A questa deformazione la direzione D.C. deve dire basta prima che il danno diventi ancor più grave e irreparabile.¹

(¹) La lettera si interrompe così ed è priva di firma e di seguito

70) A Elio Rosati

(non recapitata)

Mio carissimo Elio,
non solo per l’antica e cara amicizia che ti porto, ma per istintiva intuizione ho pensato a te, mano a mano che andavo considerando, giorno per giorno, la situazione ed, in essa, da un lato la mia, dall’altro quella della D.C. Del poco che so, so almeno questo, che fedele al tuo costume, non hai avuto incertezze e paure hai rifiutato il conformismo ed il quieto vivere, ti sei impegnato con una posizione autonoma, quando altri si andavano imbrancando acriticamente sotto il pretesto dell’interesse di partito e di una unità malintesa, della D.C. Oggi quello che si nota è la mancanza di coraggio e questo fa sì che il nostro appaia un partito acritico, tutto arroccato su una medesima posizione.
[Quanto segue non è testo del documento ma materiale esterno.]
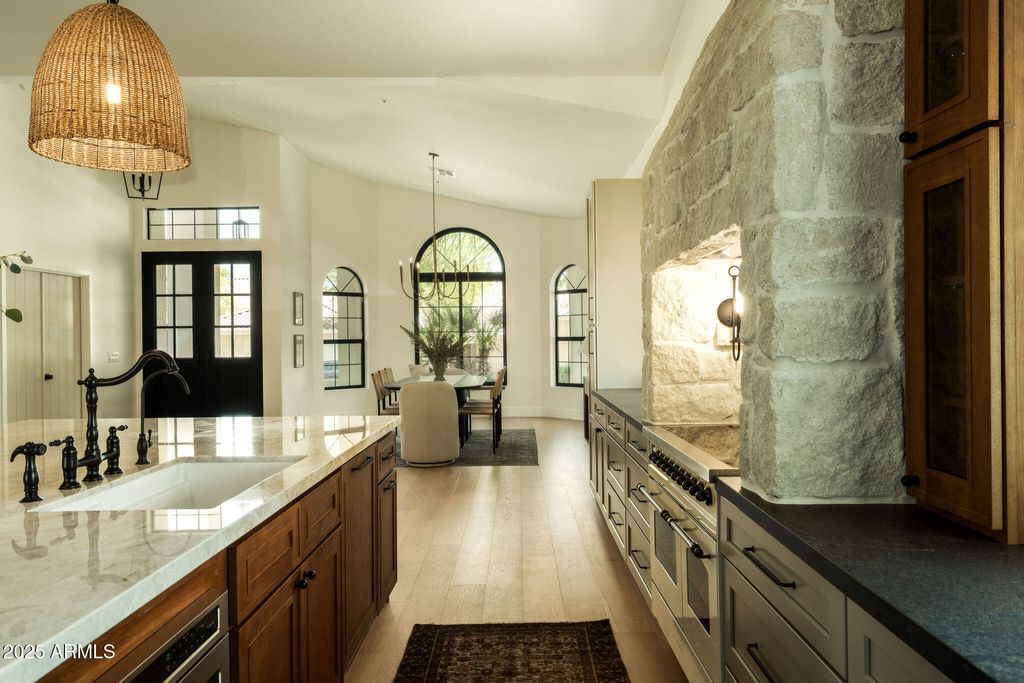 Photo of 8910 E Topeka Drive, Scottsdale, AZ 85255 (MLS # 6869454)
E tu sai che questo non è invece mai avvenuto e che la dialettica è stata aperta tra noi. Ebbene, oggi tu rimani pressoché solo ad adempiere questo compito essenziale, tu rimani solo a rompere il ghiaccio. Ma sai pure, che sotto la scorza dell’indifferenza e del conformismo, una parte notevole della base democristiana ripugna profondamente alla mia attuale condizione ed al grosso rischio che essa comporta. Nessuno parla, ma molti temono. Ed io credo che se uno alzasse la sua voce, una voce limpida, come la tua, proprio in questi giorni che coincidono con una grossa riunione della Direzione D.C., le voci di consenso, sensibili, anche se forse non maggioritarie, non mancherebbero. Io non vedo altri che te che possa dire questa parola e guidare, al massimo possibile insieme con Misasi, un movimento di opinione pubblica che bilanci le ferree esigenze di regime che si esprimono sulla stampa. Bisogna parlare subito, alto, forte, con chiarezza, utilizzando la stampa anche settimanale e, ovviamente, tenendo d’occhio l’andamento della Direzione sulla quale non mi faccio però soverchie illusioni. Poiché si tratta di problemi di coscienza (e nessuna è più limpida della tua), desidero dirti, per così dire, solennemente che la proposta di scambio od altra simile, specie se attuata immediatamente, sarebbe stata la meno onerosa per la D.C. Aggiungo che tutte le altre saranno forzatamente più onerose e sarebbero perciò da evitare, se prevalesse, come dovrebbe prevalere, il buon senso. Tutto quello che farai nei prossimi giorni, con la forza della disperazione, (e cerca di farlo capire agli altri) è il meglio per la D.C., è un salto di salvezza su di un abisso.
Non ti dico altro, perché so che tu capisci per immediata intuizione. Mi auguro tanto che tu riesca, associando tutte le altre forze disponibili. Perché tanti amici sono diventati così timidi: se fossero insieme quelli sui quali abbiamo sempre contato, la partita sarebbe vinta. Il silenzio è un delitto. Che c’è di male chiedere la salvezza di un amico quando, oltretutto, altrimenti, si corre un rischio mortale? Datti da fare dunque come avrai già fatto. Non si parli di elezioni. Nelle condizioni presenti, pagheremmo un prezzo estremamente alto.
Grazie per quanto farai, parlando in giro e nei corridoi delle camere, raccogliendo firme, rilasciando interviste.
Ricordami ai tuoi ed abbiti il più cordiale abbraccio
Tuo
Aldo

P.S. Anche gli amici di Bari hanno attenuato la loro voce per presunte ragioni elettorali. Dì loro che rischiano di essere puniti ben più gravemente, che se avessero detto che intendevano salvare un vecchio amico per ragioni umanitarie.